Kegiatan keterampilan penerimaan ini bertujuan agar konselor dapat menunjukkan sikap menerima konseli apa adanya.



Listening (Mendengarkan)

Bagian terpenting dalam proses konseling adalah komunikasi. Kegiatan komunikasi terdiri atas dua hal yaitu mendengarkan dan berbicara. Mendengarkan adalah kegiatan yang boleh dikatakan sepertinya tergolong mudah, akan tetapi pada dasarnya kegiatan mendengarkan ini tingkat kesulitannya lebih tinggi bila dibandingkan dengan  berbicara. Mendengarkan adalah suatu proses yang sangat aktif untuk merespon pada keseluruhan pesan. Mendengarkan merupakan prasyarat bagi konselor untuk dapat memberikan respon atau strategi yang tepat dalam suatu proses konseling. Kesalahan besar yang akan terjadi ketika konselor tidak dapat menjadi pendengar yang tepat antara lain adalah sebagai berikut konseli tidak akan dapat melakukan eksplorasi diri, masalah yang dibicarakan tidak tepat, dan pemilihan strategi konseling yang tidak sesuai.

Proses mendengarkan dapat distrukturisasi dengan melihat kemampuan mengingat kita secara harfiah terhadap ekspresi seseorang.

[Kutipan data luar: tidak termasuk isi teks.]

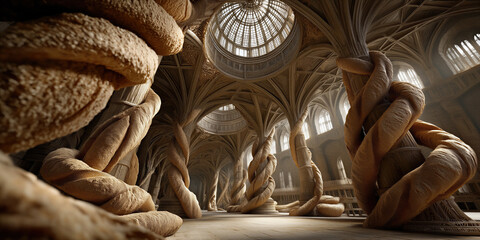 Obraz premium Intricate bread maze. Mysterious bread maze with winding aisles and shadowed hidden alcoves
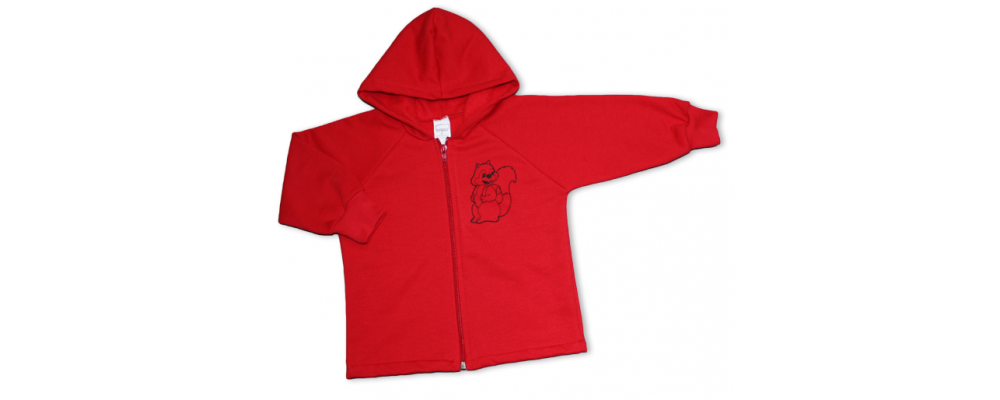 Chándal escolar guardería personalizado rojo con capucha y cremallera - Uniformes guardería Pronens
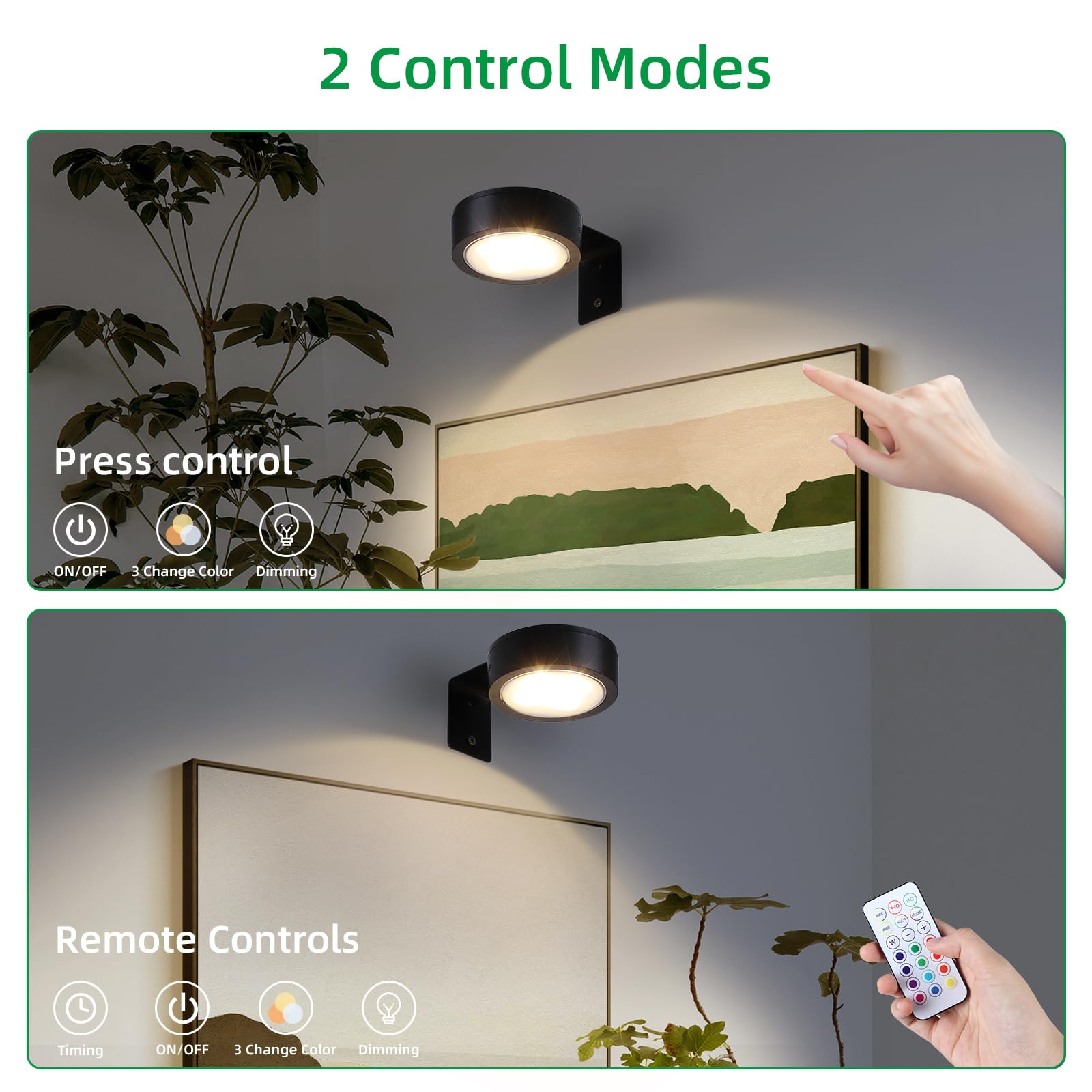 Ovyiech 4 Pack Wireless Picture Lights For Wall,Rechargeable Picture Light Battery Operated With Remote,Led Painting Light For A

Memperhatikan ekspresi-ekspresi ini akan mempermudah dalam mencoba mengulang pesan yang telah didengar konselor. Proses pemberian bantuan secara verbal bergantung pada kemampuan kita untuk memperhatikan serta pengolahan terhadap isi dan perasaan dari ekspresi konseli.

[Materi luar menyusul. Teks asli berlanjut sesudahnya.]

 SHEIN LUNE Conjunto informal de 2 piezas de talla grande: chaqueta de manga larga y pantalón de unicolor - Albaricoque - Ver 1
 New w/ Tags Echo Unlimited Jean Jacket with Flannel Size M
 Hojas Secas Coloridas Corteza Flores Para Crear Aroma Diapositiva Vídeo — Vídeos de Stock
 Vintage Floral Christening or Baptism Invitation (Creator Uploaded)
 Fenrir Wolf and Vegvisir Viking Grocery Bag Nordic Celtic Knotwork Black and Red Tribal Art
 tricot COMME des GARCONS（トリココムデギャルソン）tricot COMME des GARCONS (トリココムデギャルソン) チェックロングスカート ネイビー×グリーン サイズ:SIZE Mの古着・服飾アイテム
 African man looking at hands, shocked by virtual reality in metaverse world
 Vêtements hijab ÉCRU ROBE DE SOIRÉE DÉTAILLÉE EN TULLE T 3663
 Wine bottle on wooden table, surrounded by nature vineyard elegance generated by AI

Cormier & Cormier (1985), ada tiga proses dalam mendengarkan, yaitu penerimaan pesan, pengolahan pesan, dan penyampaian pesan. Setiap pesan dari konseli baik verbal maupun non verbal, merupakan stimulus yang akan diterima dan diproses konselor. Proses mendengarkan dapat digambarkan sebagai berikut.

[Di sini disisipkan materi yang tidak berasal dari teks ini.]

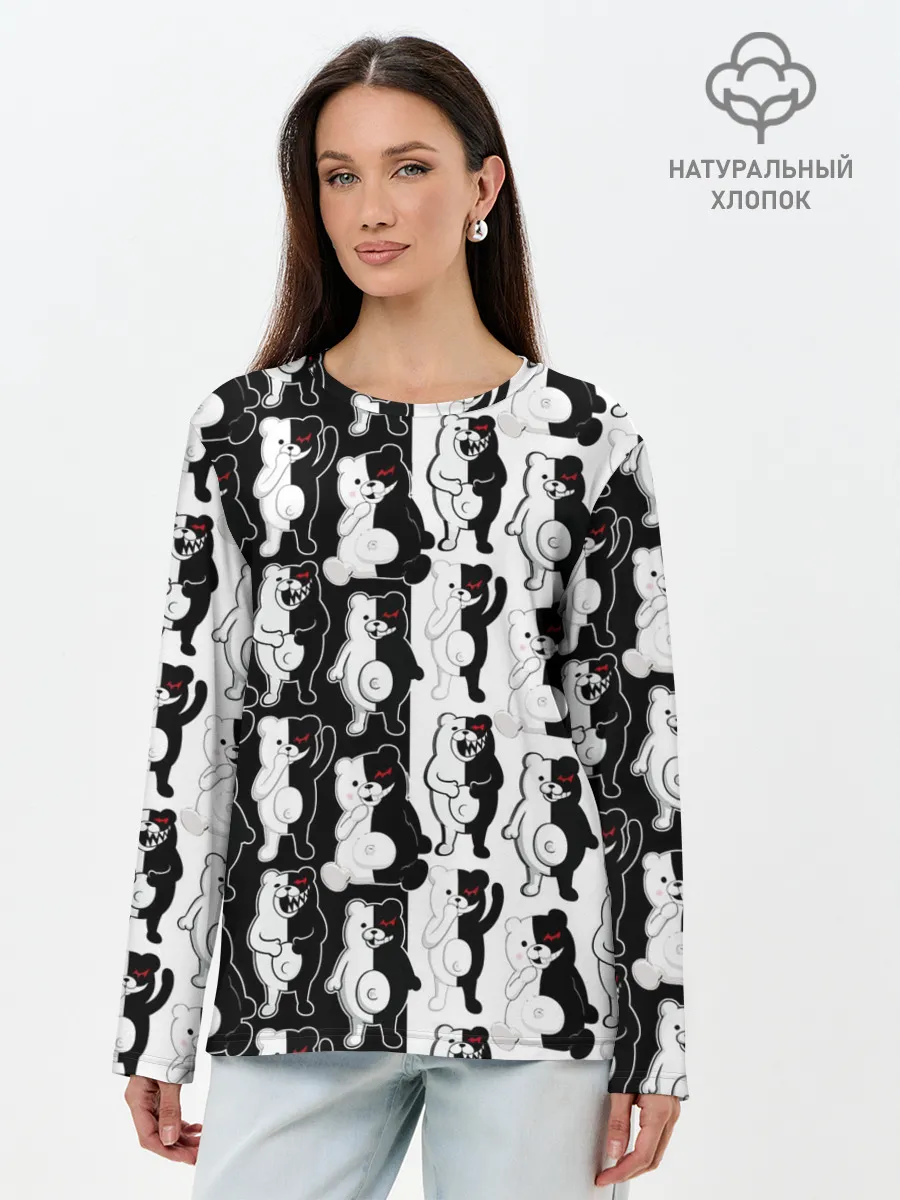 Лонгслив женский. Хлопок / MONOKUMA / МОНОКУМА ПАТТЕРН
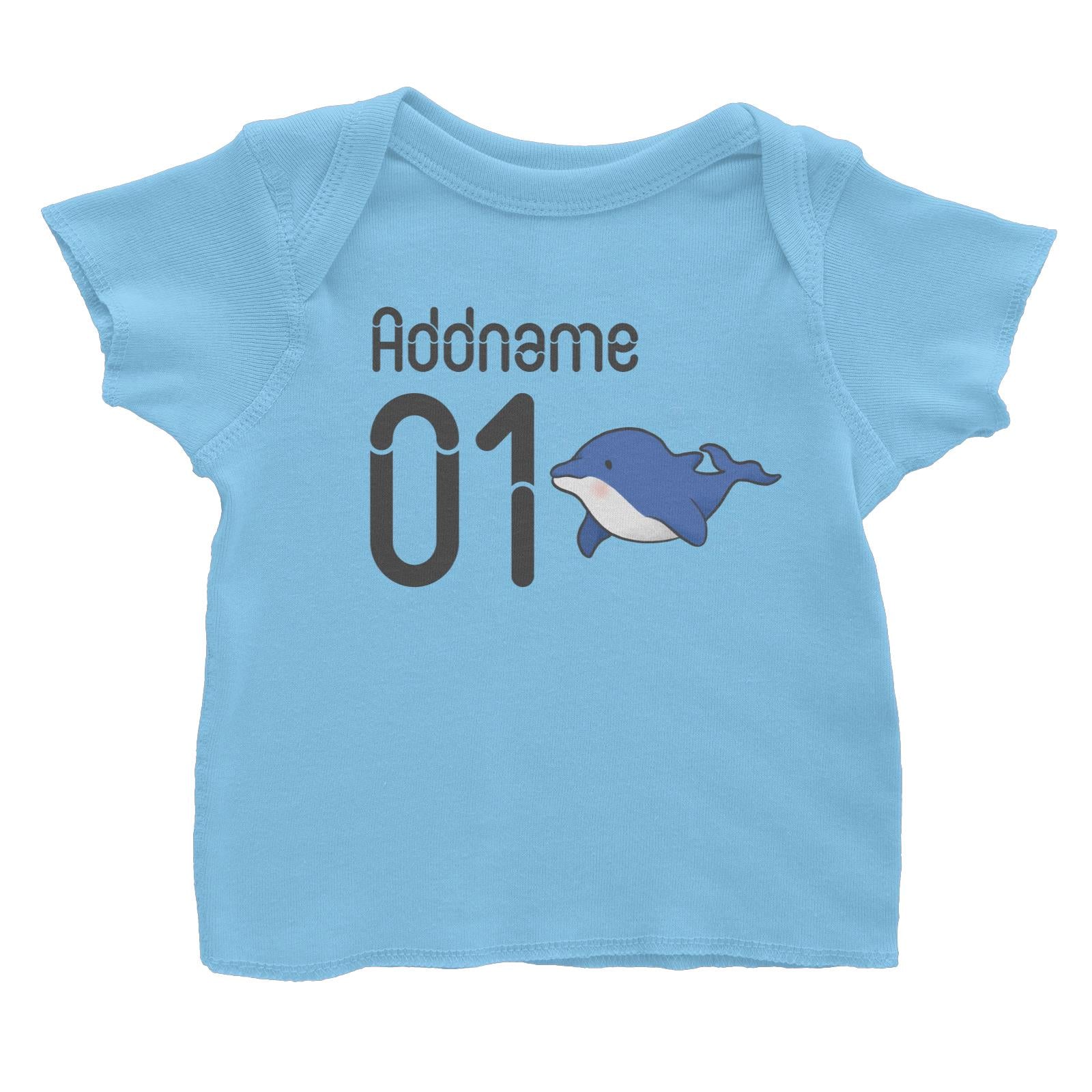 Name and Number Cute Hand Drawn Style Dolphin Baby T-Shirt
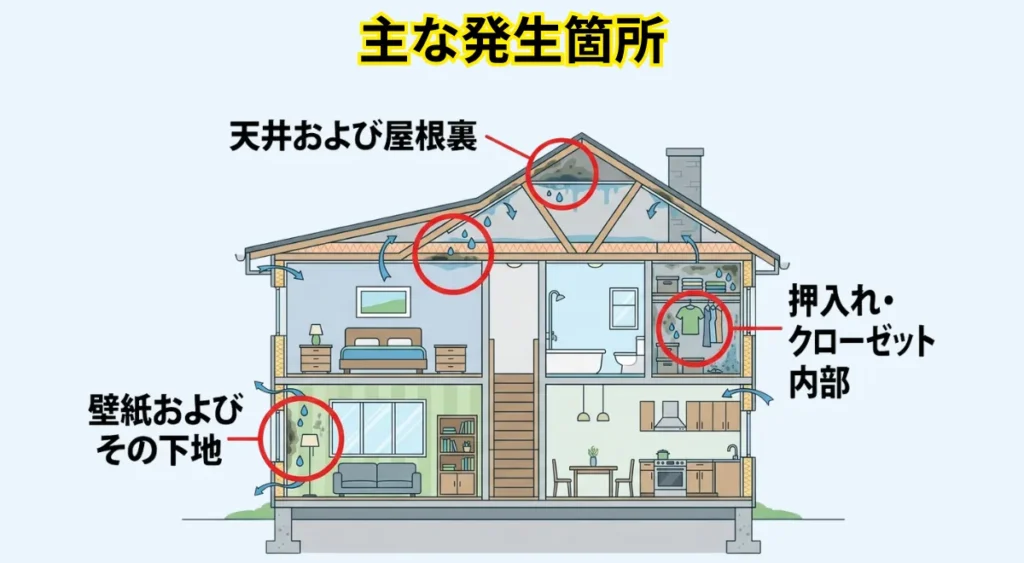 湿気の被害例・カビの発生箇所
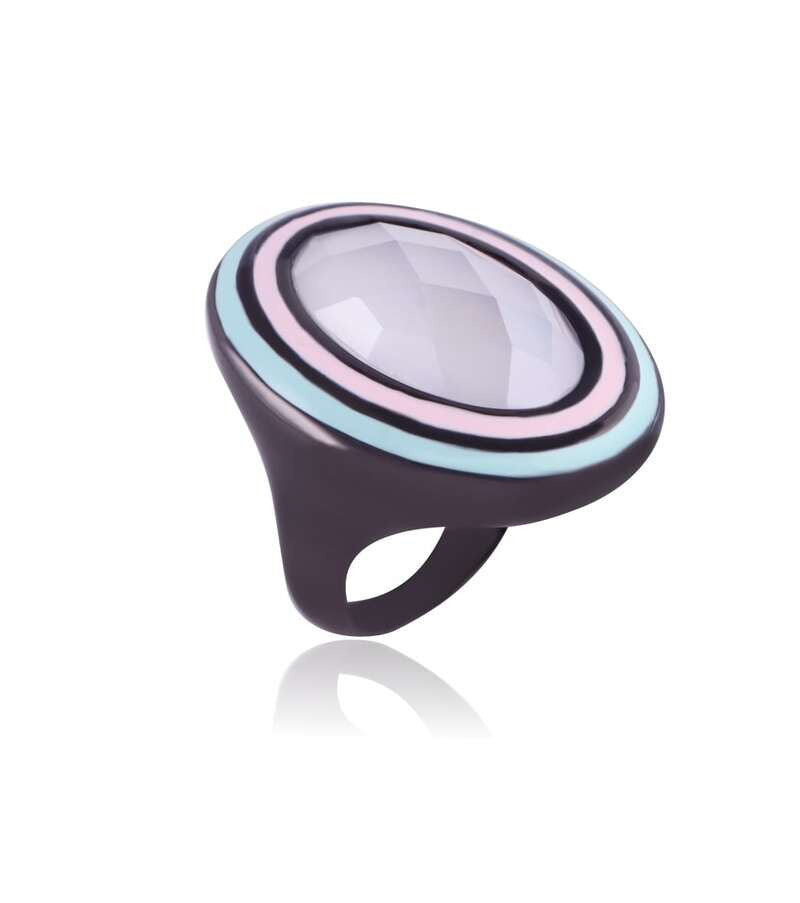 RING - BLACK METALLIZATION - MILKY QUARTZ - PINK/BLUE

            Penangkapan pesan konseli merupakan proses yang tersembunyi, karena tidak dapat melihat bagaimana dan apa yang diterima konselor. Penerimaan pesan ini akan mengalami kegagalan ketika konselor kurang terampil dalam melakukan attending. Pengolahan pesan prosesnya terjadi tergantung pada kognisi konselor, dan proses terakhir yaitu penyampaian pesan merupakan proses yang tampak karena bisa diamati secara langsung.

            Mendengar merupakan salah satu bagian dari respon. Respon mendengarkan menurut Cormier & Cormier (1985) terdiri atas klarifikasi, parafrase, refleksi, dan rangkuman. Berikut penjelasan secara terperinci.

1.    Klarifikasi
Klarifikasi adalah pertanyaan yang diajukan ketika terdapat pesan dari konseli yang tidak jelas. Klarifikasi bertujuan untuk mendorong elaborasi konseli, memeriksa ketepatan mendengarkan perkataan konseli, dan memberi kejelasan pada pesan-pesan yang masih membingungkan.
    Contoh kalimat klarifikasi.
    “Apakah yang anda maksud?”
    “ Apakah anda mengatakan bahwa....” (dilanjutkan dengan menyatakan kembali  pesan   
       Konseli”

2.    Parafrase
Parafrase adalah pernyataan yang menyatakan kembali konten atau isi dari pesan yang disampaikan konseli. Parafrase ini sangat dibutuhkan karena akan mempermudah konselor untuk memahami ide, perasaan dan menangkap pesan utama dari konseli, dimana hal ini dilakukan dengan konselor menyatakan kembali pesan konseli secara sederhana dan mudah dipahami oleh konseli. Parafrase bertujuan untuk mengatakan kembali kepada konseli bahwa konselor ada bersama dirinya, dan berusaha untuk memahami apa yang dikatakan konseli, mengendapkan apa yang dikatakan konseli dalam bentuk yang ringkas, memberi arah wawancara konseling, dan pengecekan kembali persepsi konselor tentang apa yang dikemukakan konseli. Parafrase yang baik menyatakan  kembali pesan utama secara sama dengan kalimat yang mudah dan sederhana. 

Parafrase yang baik ditandai oleh suatu kalimat awal yaitu “ adakah”, dan “nampaknya”.
    Contoh kalimat parafrase :
    Contoh 1
    Konseli   : “Biasanya dia selalu senang dengan saya, namun tiba-tiba dia memusuhi saya”
    Konselor :  “ Adakah yang anda katakan bahwa perilakunya tidak konsisten?”
   Contoh 2
   Konseli : “Itu suatu pekerjaan yang baik, akan tetapi saya tidak mengambilnya. Saya tidak   
                    tahu mengapa?”
   Konselor : “ Nampaknya anda masih ragu.”